They waited a couple of minutes, then went to the house, where Reese rang the bell. Summer wind, warm in spite of the winter-gray sky from which it flowed, breathed through surrounding bougainvillea, red-flowered hibiscus, and fragrant star jasmine. The street was still, peaceful, the sounds of the outside world eliminated by the most effective filter known to man—money.
“Should’ve gotten into real estate, I think,” Reese said. “Why on earth did I ever want to be a cop?”
“You were probably a cop in a previous life,” Julio said dryly, “in another century when being a cop was a better scam than selling real estate. You just fell into the same pattern this time around, without realizing things had changed.”

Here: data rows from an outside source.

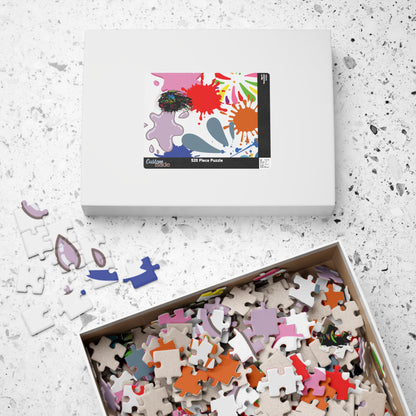 Splash Of Color Puzzle, Trauma Puzzle, Splatter Art Puzzle, Paint Splatter Puzzle, Confetti Puzzle, Abstract Jigsaw Puzzle,   Vibrant Puzzle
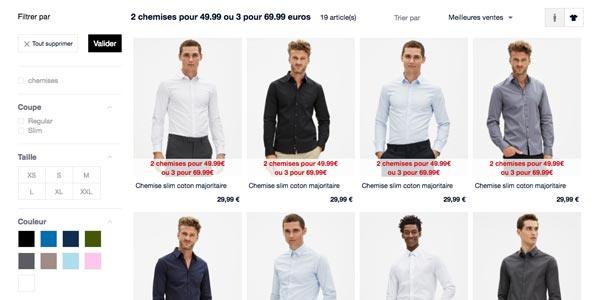 La collection de prêt à porter Celio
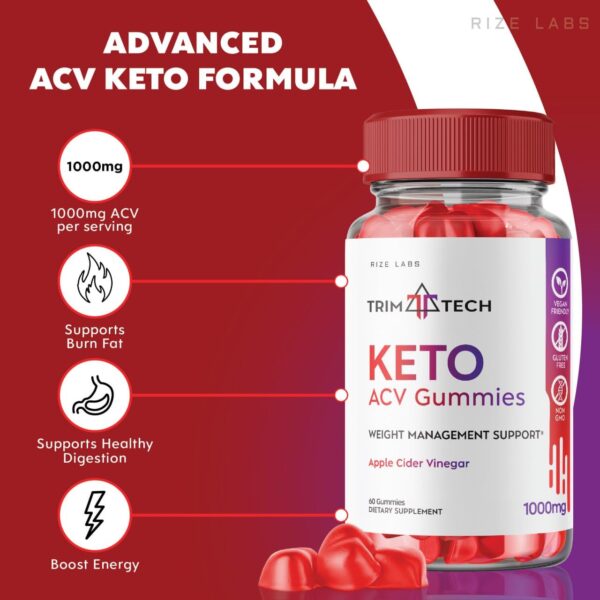 Gomitas orgánicas Trim Tech Keto con vinagre de sidra de manzana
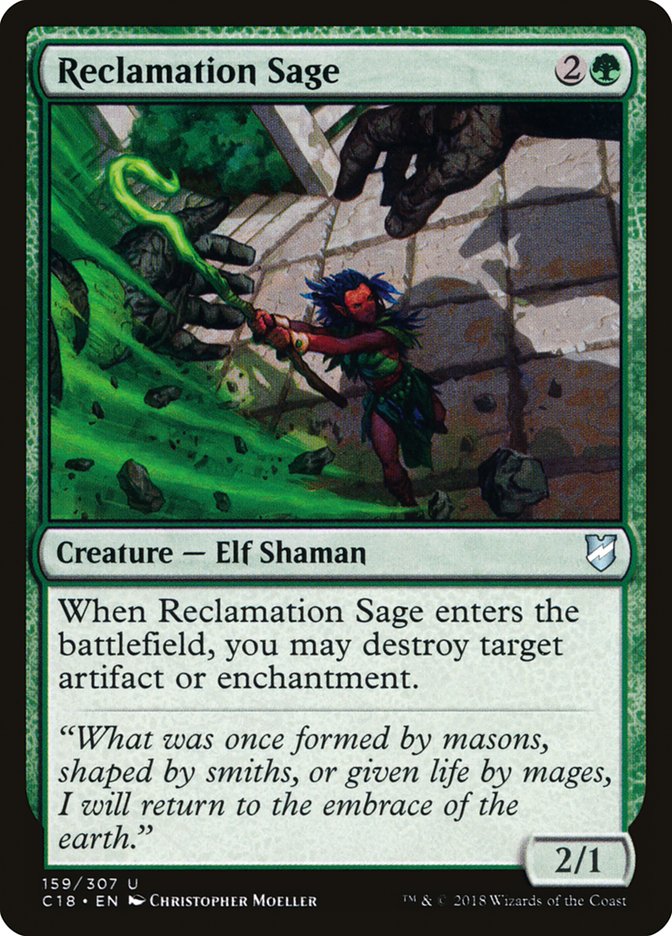 Reclamation Sage [Commander 2018] | Black Swamp Games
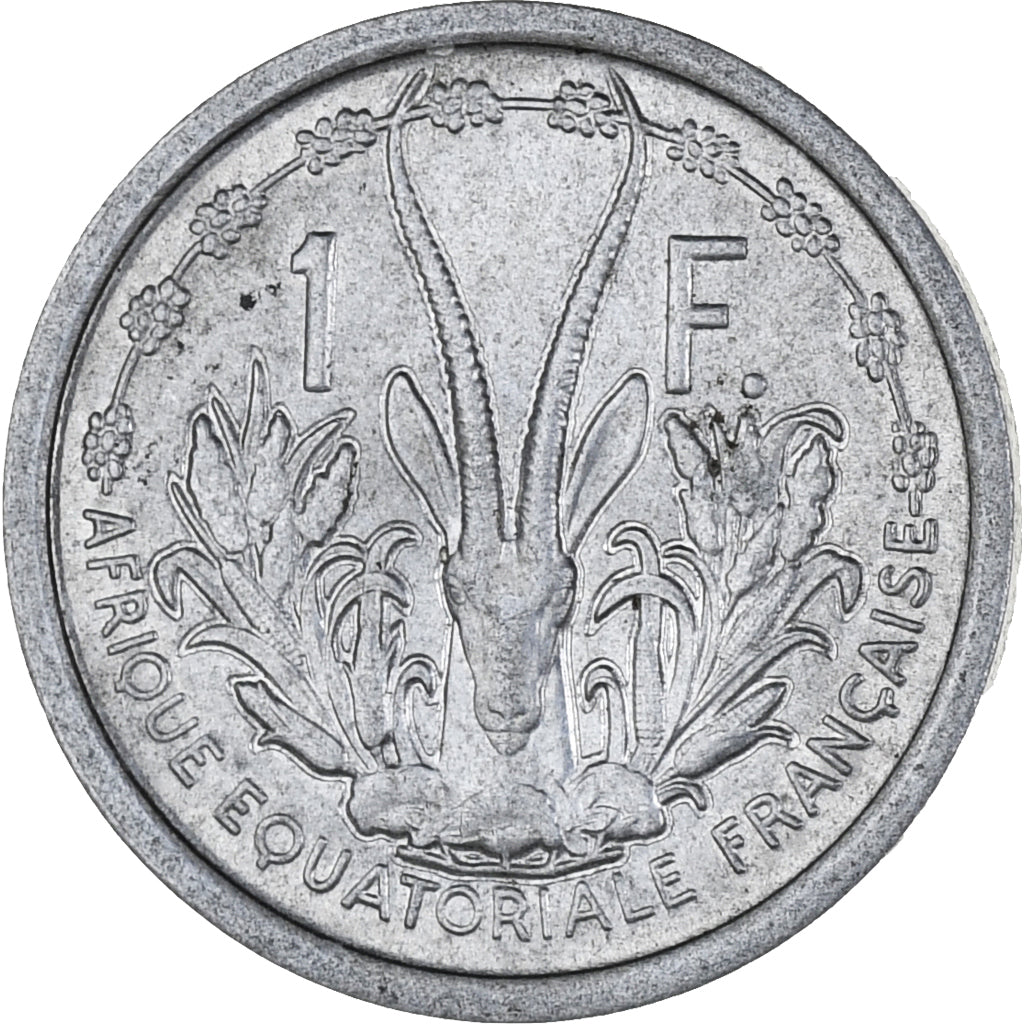 Coin, French Equatorial Africa, Franc, 1948, Paris, AU(55-58), Aluminum, KM:6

“Caught in a karma loop, huh?”
A moment later, the door opened. The stork-tall woman in the flamingo-pink dress looked down at Julio, then only slightly up at Reese, and she was less birdlike and more impressive close up than she had been from a distance. Earlier, watching her from the car, Reese had not been able to see the porcelain clarity of her skin, her startling gray eyes, or the sculpted refinement of her features. Her Betty Boop hair, which had looked lacquered—even ceramic—from fifty yards, now proved to be thick and soft. She was no less tall, no less thin, and no less flamboyant than she had seemed before, but her chest was certainly not flat, and her legs were lovely.
“May I help you?” Teddy Bertlesman asked. Her voice was low and silken. She radiated such an air of quiet self-assurance that if Julio and Reese had been two dangerous men instead of two cops, they might not have dared try anything with her.
Presenting his ID and badge, Julio introduced himself and said, “This is my partner, Detective Hagerstrom,” and explained that they wanted to question her about Ben Shadway. “Maybe my information is out of date, but I believe you work as a sales agent in his firm.”
“Of course, you know perfectly well that I do,” she said without scorn, even with some amusement. “Please come in.”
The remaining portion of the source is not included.